The Braves' biggest strength could also be their biggest weakness. Craig Kimbrel, Jonny Venters and Eric O'Flaherty were so good that manager Fredi Gonzalez overused them, and this trio's failure in September was one of the biggest reasons the Braves stayed home. Kimbrel led the NL in saves and won the Rookie of the Year award, but blew three key saves in September. Gonzalez will have to use these three more carefully.
Crazy Ozzie Guillen! Crazy Carlos Zambrano!
It's like a random Dr. Seuss book came to life and was given baseball uniforms.
OK, serious for one second. This team has talent and if they all perform up to their capabilities, should be a contender in the NL East.
Now, back to wackiness:
New York Mets. 2011: 77-85, fourth place. Lord, what a mess this team is. If they're not basically begging for money, they're hoping a guy who hasn't pitched in the majors in almost two years is going to be their savior. Or they're moving in the fences at Citi Field so that David Wright might hit a few more home runs.
Their closer is either Frank Francisco or Jon Rauch. Does that strike any fear into your heart, National League hitters?
I didn't think so.
Their starting second baseman is Daniel Murphy, a man who had barely played that position at all in professional baseball until last year. Their starting center fielder, Andres Torres, got himself a nice contract off a career year in 2010, but returned to mediocrity last year and is 34.
I'm done. And so are the Mets. They'll finish last.
Philadelphia Phillies. 2011: 102-60, first place. The Phillies are old, and that's after letting 49-year-old Jamie Moyer go.
Ryan Howard's Achilles injury is healing somewhat faster than expected, but he's still likely going to be out for a third of the season. The Phillies hired former star Jim Thome to play some first base in his absence, but Thome has played exactly four games at first base since he was last a Phillie -- in 2005. John Mayberry Jr. should also get some time at first base. The Phillies signed Ty Wigginton as insurance, but he's getting old, too.
The Phillies also let Roy Oswalt go, and he's still a free agent. That's because the Phillies have a very deep rotation anyway, headed by Roy Halladay, Cliff Lee and Cole Hamels, and also featuring Vance Worley, who was very good last year. Joe Blanton and Kyle Kendrick will fight it out for the No. 5 slot -- and both of those guys are decent, too.

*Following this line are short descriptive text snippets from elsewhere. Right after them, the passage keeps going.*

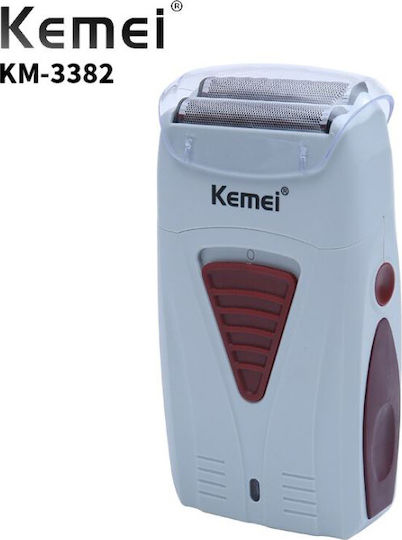 Kemei White KM-3382 Foil Electric Shaver Face Rechargeable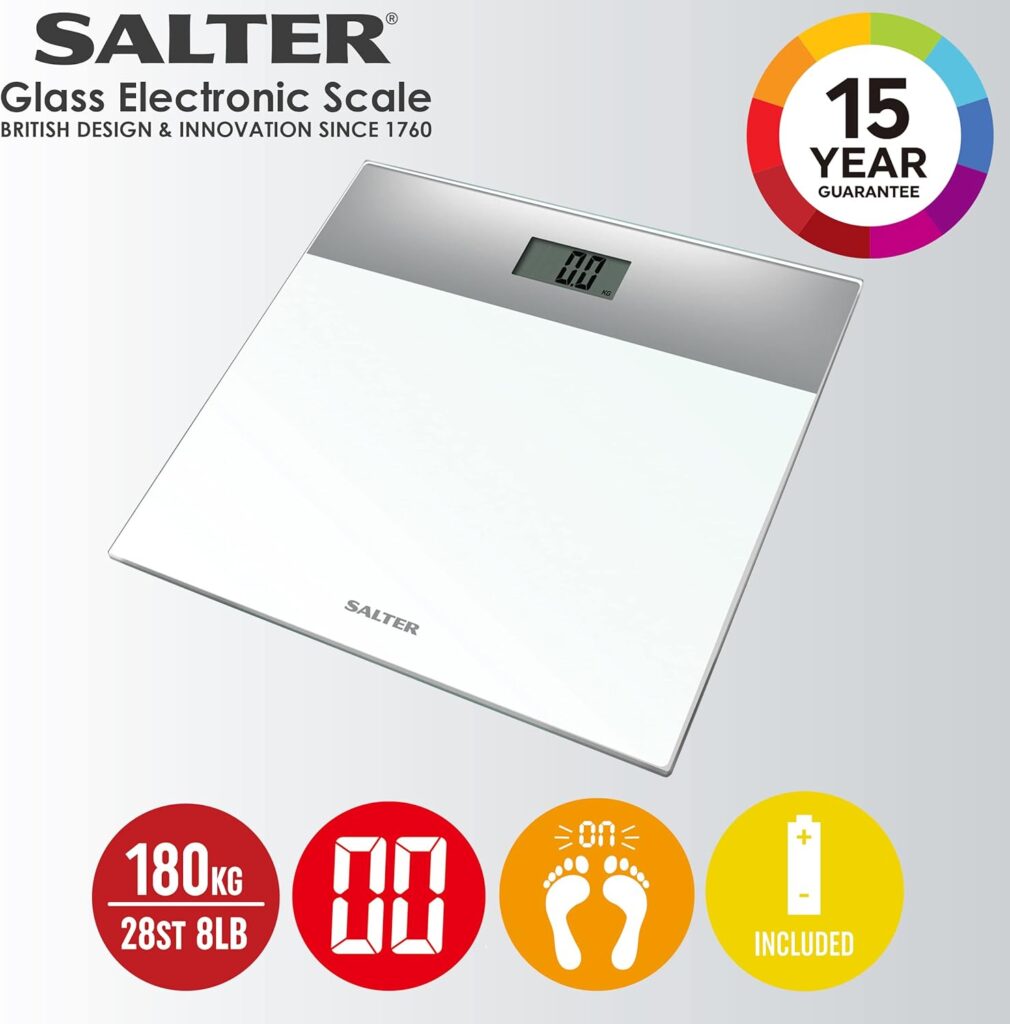 Salter 9206 SVSV3R Digital Bathroom Scale, Toughened Glass Platform Electronic Scales, Easy Read LCD Display, Step On Activation, Max. Weight 180 KG/400 lbs, 15-Year Guarantee, Silver/Grey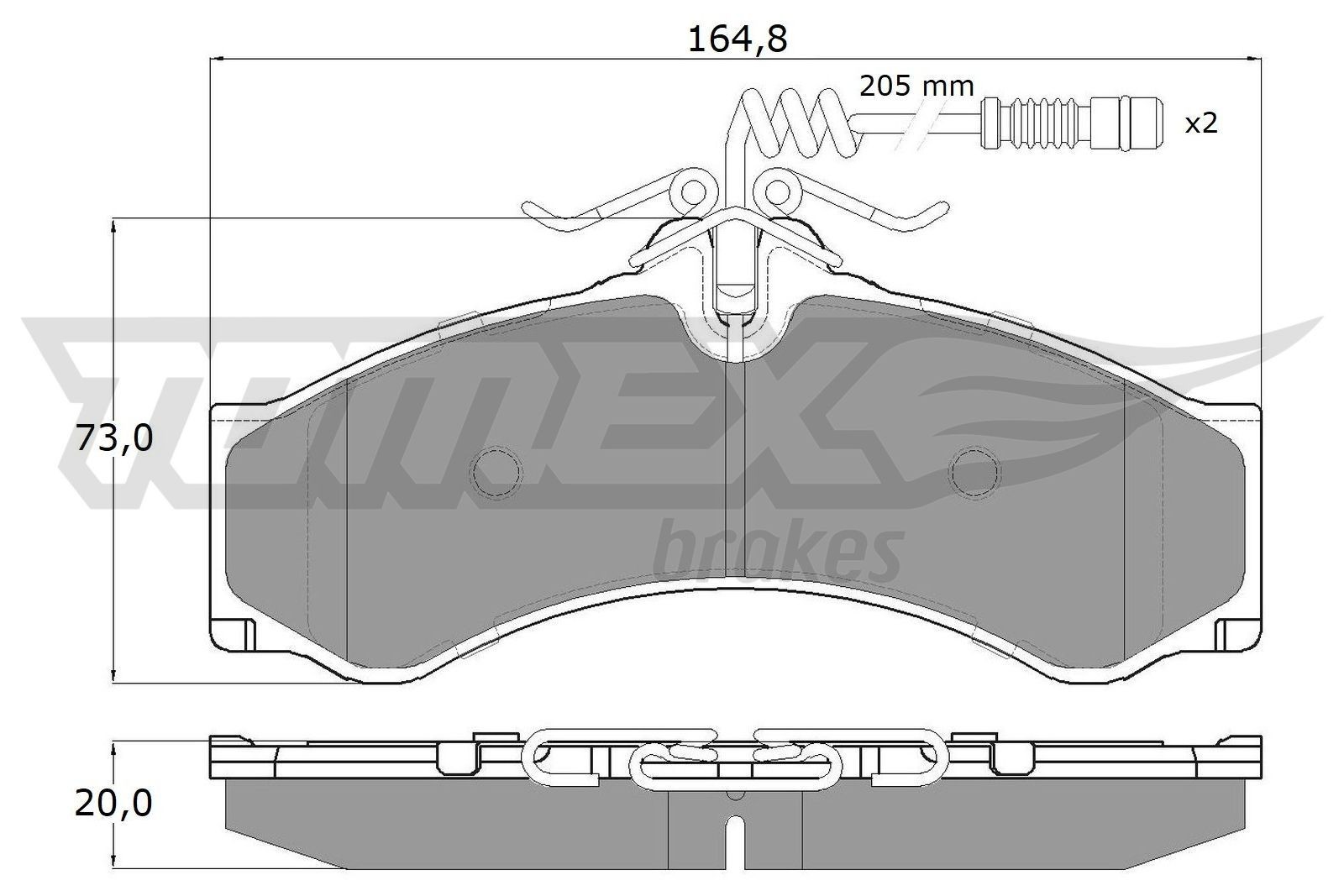 11-481 TOMEX brakes incl. wear warning contact Height: 73mm, Width: 164,8mm, Thickness: 20mm Brake pads TX 11-481 buy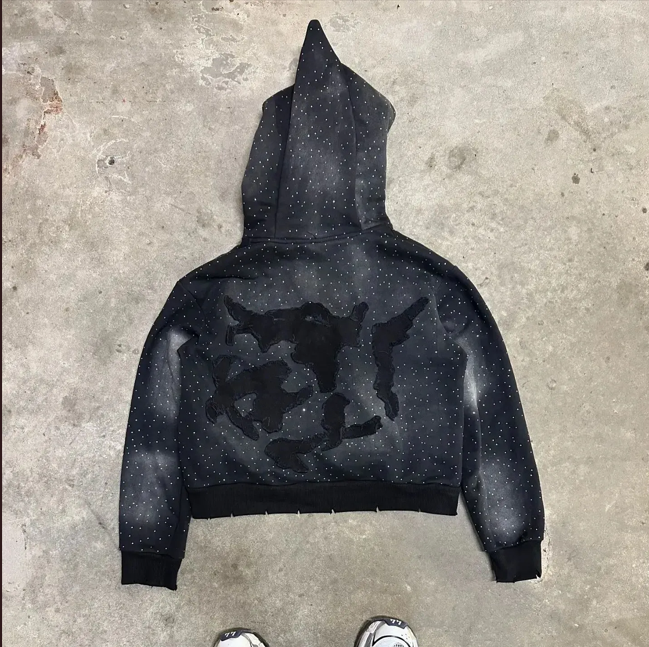 Oversized Logo Pullover Hoodie - Long Sleeve Sweatshirt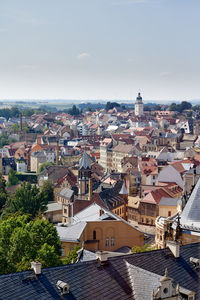 High angle view of townscape against sky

Jonathan Papelbon was signed to a megadollar, megayear deal to close. That rarely works out well. We'll see if Papelbon can be the exception to the rule.
The Phillies are aging (Jimmy Rollins is definitely declining, among others), but probably have enough pitching to be a solid contender.
Washington Nationals. 2011: 80-81, third place. Only a postponed game that wasn't made up prevented the Nats from having a shot at their first non-losing season since the franchise moved to DC in 2005.
And between the hype around Stephen Strasburg (who the Cubs should see for the first time on Opening Day at Wrigley Field) and the hype around Bryce Harper (who could crack the Opening Day roster at the age of 19), you might have overlooked the other good talent on the Nats, including Danny Espinosa, Michael Morse, Wilson Ramos and third baseman Ryan Zimmerman, who just signed a long-term contract extension with the team earlier this week.
And that's not even mentioning Jayson Werth, who also has a huge contract that he spectacularly failed to live up to in 2011. If he returns to his Phillies numbers, the Nats offense could be potent.
They have other good starting pitchers, too, including Gio Gonzalez (for whom they traded four of their top 10 prospects) and Edwin Jackson. It's enough that they're practically begging teams to trade for John Lannan.
Drew Storen, their closer, is no slouch, either. He was fourth in the NL with 43 saves a year ago. Did you even notice?
You will this year. The Nats are right on the cusp of being a really, really good team.